2          A ‘headshunt’ is a short length of track that allows a locomotive to uncouple from its train, move forward, and then run back past it on a parallel track. Such headshunts are typically installed at a terminal station to allow the locomotive of an arriving train to move to the opposite end of (in railway parlance, ‘run around’) its train, so that it can then haul the same train out of the station in the other direction (assuming, of course, that it is a locomotive equipped to run in either direction; for older, one-way equipment such as steam locomotives and cab unit locomotives, a wye or turntable needs to be provided to physically turn the engine around, as well as a run-around track).

The much smaller signal box, No.2, was, surprisingly, positioned between the buffer stop ends of platforms 2 and 3 and had 22 levers, of which 12 were in use; this box controlled the crossovers between these tracks.

 

Pullman kitchen cars were introduced onto the Tunbridge Wells line by the Southern Railway in 1926 and, for this, two gas cylinders were installed at the Bexhill terminus. These were sandwiched between the terminating platform lines and No.2 signal box and were used to refill the Pullman cars’ gas tanks.

During the 1950s, the station received green BR Southern Region running-in boards and larger station signs but it retained the Southern Railway ‘target’ signs on the lamp posts. BR totem signs were produced, but it appears that they were never installed.

Note! “Running-in boards”, also known as ‘Totems’, are the signs that you see as you arrive in a station – the ones that give the name of the station – as a matter of interest, these were removed on all stations during WW2 to make it difficult foe any spies dropped into the country.

The goods yard closed on 1st September 1963 with passenger closure coming on 15th June the following year.  The entire track had been lifted by the summer of 1965, and the platforms were demolished in 1967 or early 1968 leaving just the roofed concourse and the main station building, which at this time housed the local Civil Defence training centre and headquarters.

The Civil Defence Corps vacated the site after the disbanding of Civil Defence in 1968. The building was listed as Grade II by English Heritage on 27 February 2013. English Heritage states that it is ‘perhaps the most impressive, surviving 1890s to 1914 public building in Bexhill’.

In the early 1980s the building was occupied by ‘Fryer’s Auction Galleries’. At this time a new building was constructed under the concourse for use as a store room by the gallery. Fryer’s was acquired by Gorringes Auction Galleries in 1994. They considered the building ideal for the auction gallery business. As well as the saleroom they also have a valuations office and long term storage facility on the former concourse. The canopy over the concourse is still intact and used as a loading dock for the auction house.
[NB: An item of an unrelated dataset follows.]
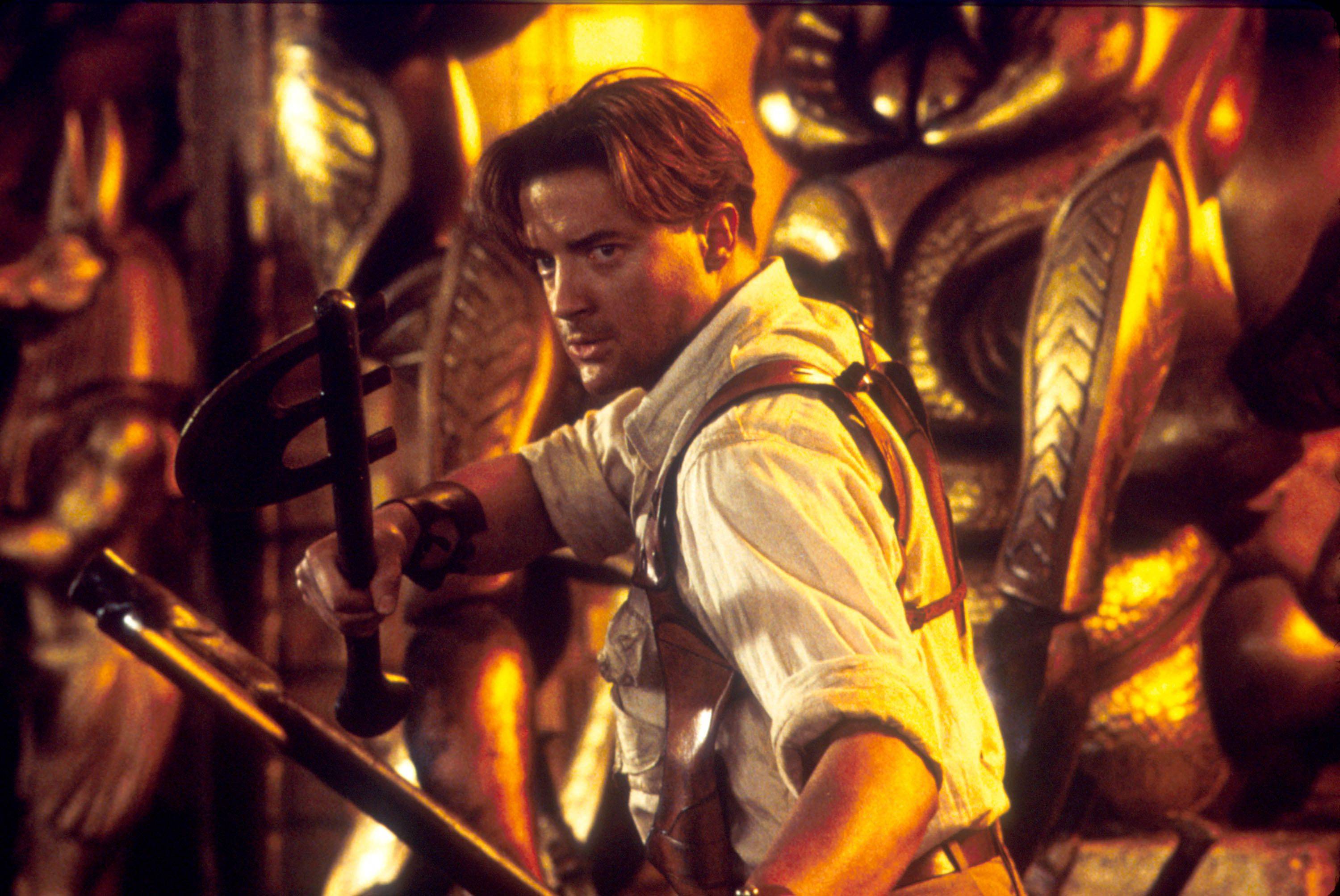 The Mummy 4 Set Photos Reveal Brendan Fraser Official New Look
The adjoining former refreshment rooms became a pub and restaurant called “West Station”. Externally there have been few alterations to the building other than a single-storey link block, between the main station and the former refreshment room, which is now the entrance to the pub. The engine shed survives; although it has lost its northlight roof with new cladding, the brick end wall remains as does the small brick building that formed the base of the water tank. The building is now a depot for a storage and removals business. The remainder of the good yard and carriage sidings are now occupied by the Beeching Road industrial estate.

 

BRIEF HISTORY OF THE BEXHILL WEST BRANCH

In 1844 the Brighton, Lewes & Hastings Railway obtained authority to build a line from Brighton to Hastings via Bexhill and, under the same Act, to sell the undertaking to the London & Brighton Railway. At that time, the Sussex seaside resort of Bexhill was still only a small fishing community on the coast while the village of Bexhill (now known as ‘Old Town’) stood on a hill about a mile inland. The first section of this line from Brighton to Lewes opened on 8th June 1846 while the section from Lewes through Bexhill to Bulverhythe, near St Leonards, opened on 27th June 1846. The London & Brighton Railway amalgamated with the London & Croydon Railway on 27th July 1846 to become the London Brighton & South Coast Railway (LB&SCR). A short extension from Bulverhythe to West Marina at St Leonards opened on 7th November 1846.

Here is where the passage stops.